### Extracted data
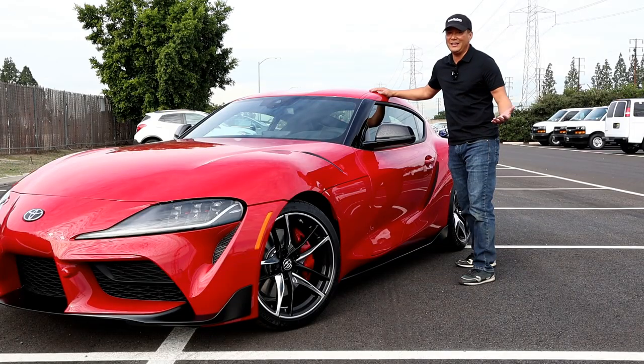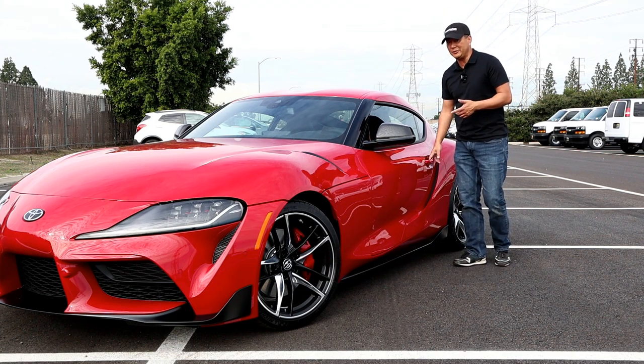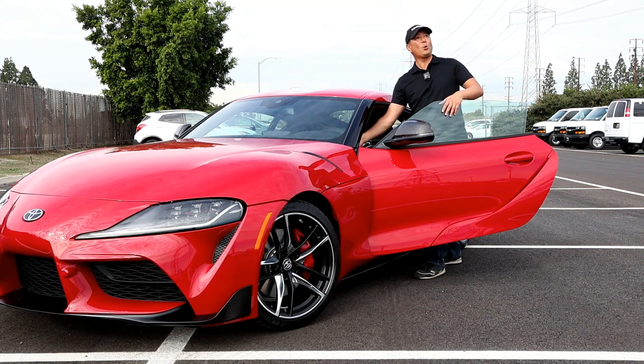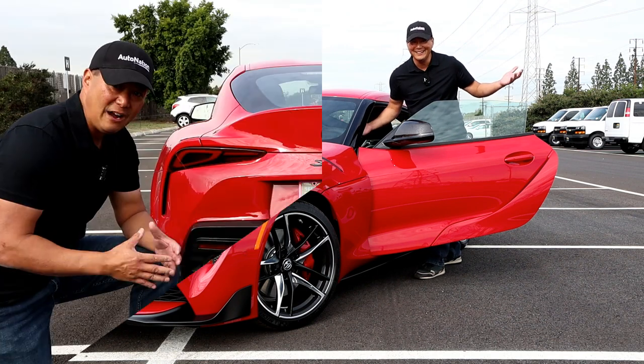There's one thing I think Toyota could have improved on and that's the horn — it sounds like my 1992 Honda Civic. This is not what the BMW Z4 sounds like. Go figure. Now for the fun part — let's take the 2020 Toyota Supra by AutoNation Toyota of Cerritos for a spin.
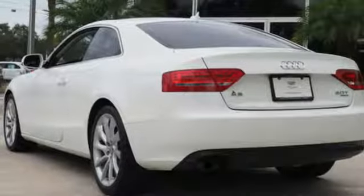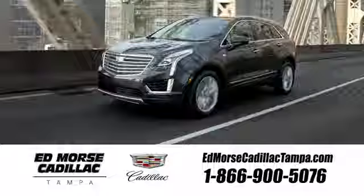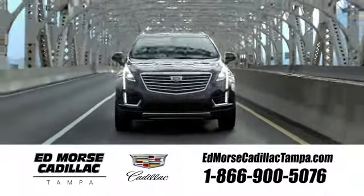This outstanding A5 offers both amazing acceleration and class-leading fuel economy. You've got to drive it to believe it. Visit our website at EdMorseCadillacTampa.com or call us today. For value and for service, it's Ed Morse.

---

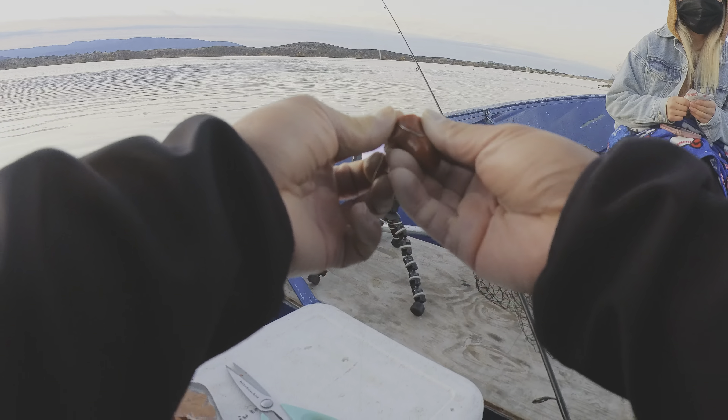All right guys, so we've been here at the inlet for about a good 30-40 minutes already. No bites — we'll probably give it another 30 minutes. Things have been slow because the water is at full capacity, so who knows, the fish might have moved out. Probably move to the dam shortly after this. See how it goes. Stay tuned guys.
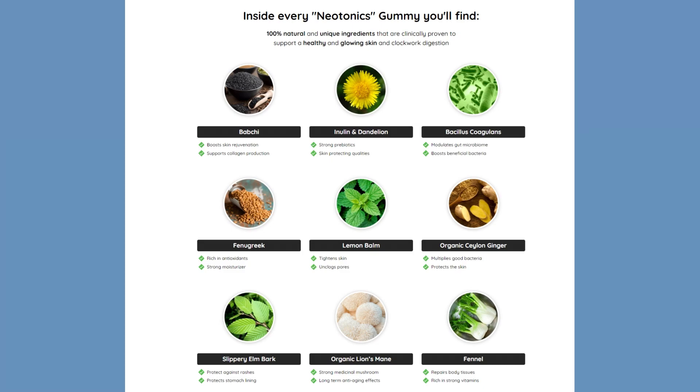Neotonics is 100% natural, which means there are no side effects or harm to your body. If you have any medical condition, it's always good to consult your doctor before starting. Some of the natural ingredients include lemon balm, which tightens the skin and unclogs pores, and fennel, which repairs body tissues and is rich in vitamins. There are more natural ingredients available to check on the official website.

### What to work on
Above this task is a listing with pictures in it. Retype only the lines from the one containing "There's one thing" through the one containing "This outstanding A5", both included, and not the pictures.

### Solution
There's one thing I think Toyota could have improved on and that's the horn — it sounds like my 1992 Honda Civic. This is not what the BMW Z4 sounds like. Go figure. Now for the fun part — let's take the 2020 Toyota Supra by AutoNation Toyota of Cerritos for a spin.
This outstanding A5 offers both amazing acceleration and class-leading fuel economy. You've got to drive it to believe it. Visit our website at EdMorseCadillacTampa.com or call us today. For value and for service, it's Ed Morse.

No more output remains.